* [What is needed]:
Every entry in the data is to be written out exactly; no picture belongs in the copy.

Captioned web image data:

┏━━

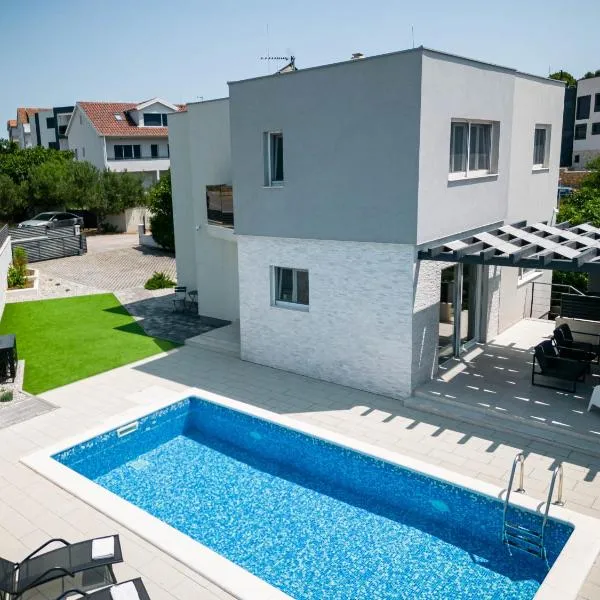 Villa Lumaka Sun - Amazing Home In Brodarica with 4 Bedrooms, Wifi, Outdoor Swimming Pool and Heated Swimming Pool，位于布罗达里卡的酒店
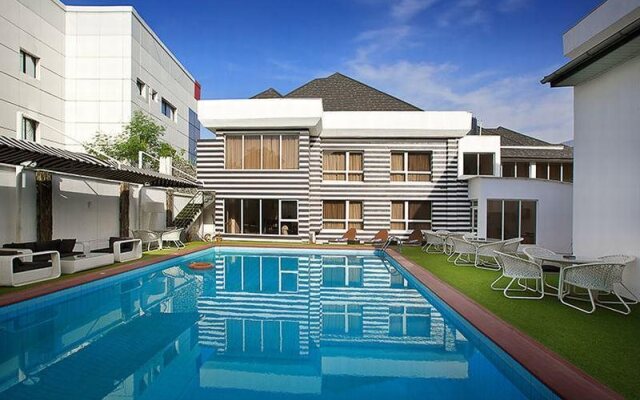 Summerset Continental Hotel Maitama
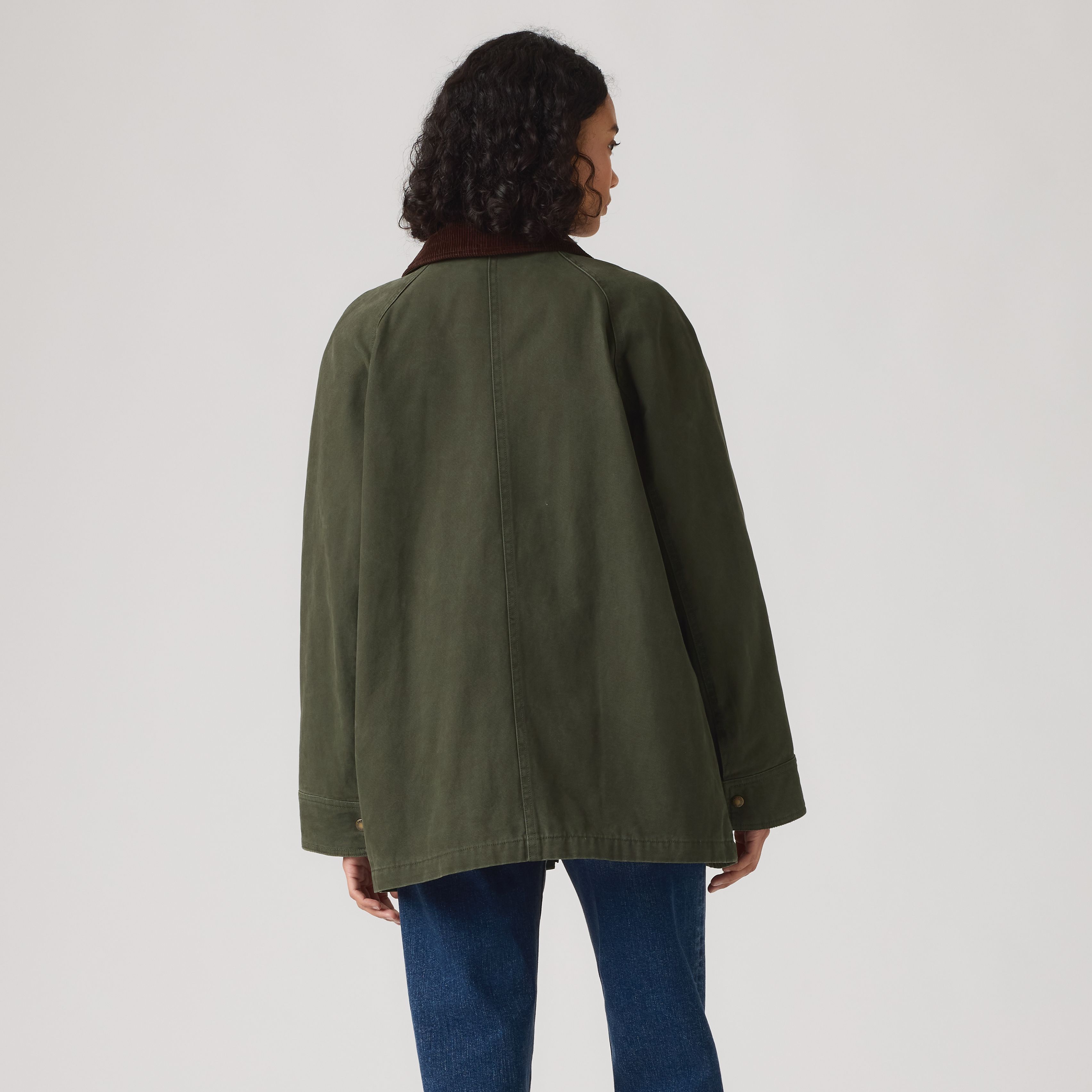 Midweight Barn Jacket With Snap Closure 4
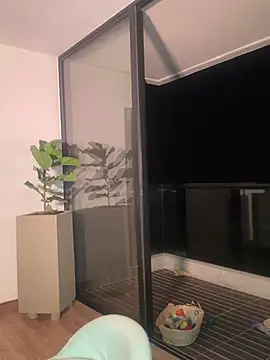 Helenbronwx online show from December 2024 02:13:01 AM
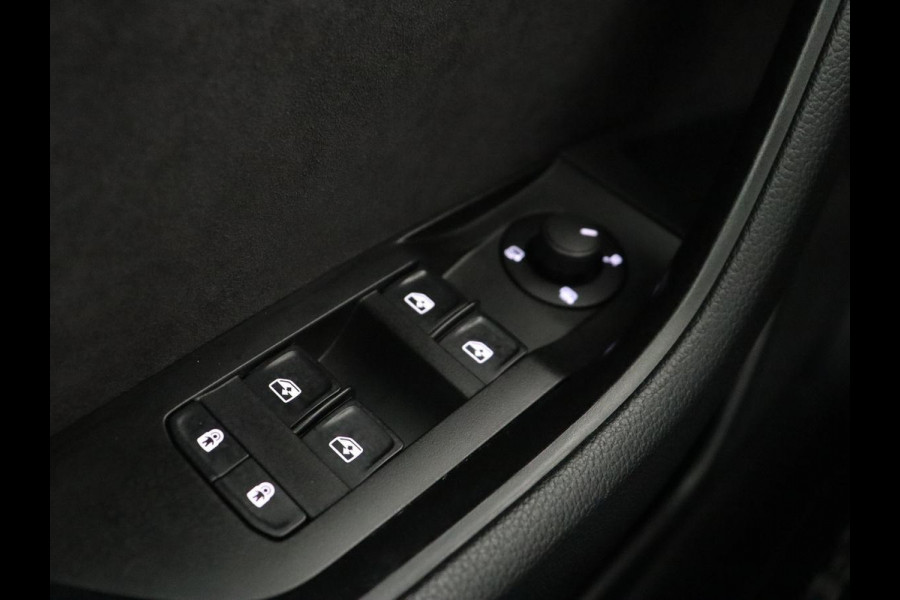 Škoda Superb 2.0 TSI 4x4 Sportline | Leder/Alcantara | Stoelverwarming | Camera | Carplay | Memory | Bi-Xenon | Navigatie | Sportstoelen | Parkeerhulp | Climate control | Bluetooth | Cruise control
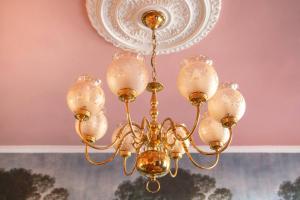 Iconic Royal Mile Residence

┗━━

* [Result]:
 Villa Lumaka Sun - Amazing Home In Brodarica with 4 Bedrooms, Wifi, Outdoor Swimming Pool and Heated Swimming Pool，位于布罗达里卡的酒店
 Summerset Continental Hotel Maitama
 Midweight Barn Jacket With Snap Closure 4
 Helenbronwx online show from December 2024 02:13:01 AM
 Škoda Superb 2.0 TSI 4x4 Sportline | Leder/Alcantara | Stoelverwarming | Camera | Carplay | Memory | Bi-Xenon | Navigatie | Sportstoelen | Parkeerhulp | Climate control | Bluetooth | Cruise control
 Iconic Royal Mile Residence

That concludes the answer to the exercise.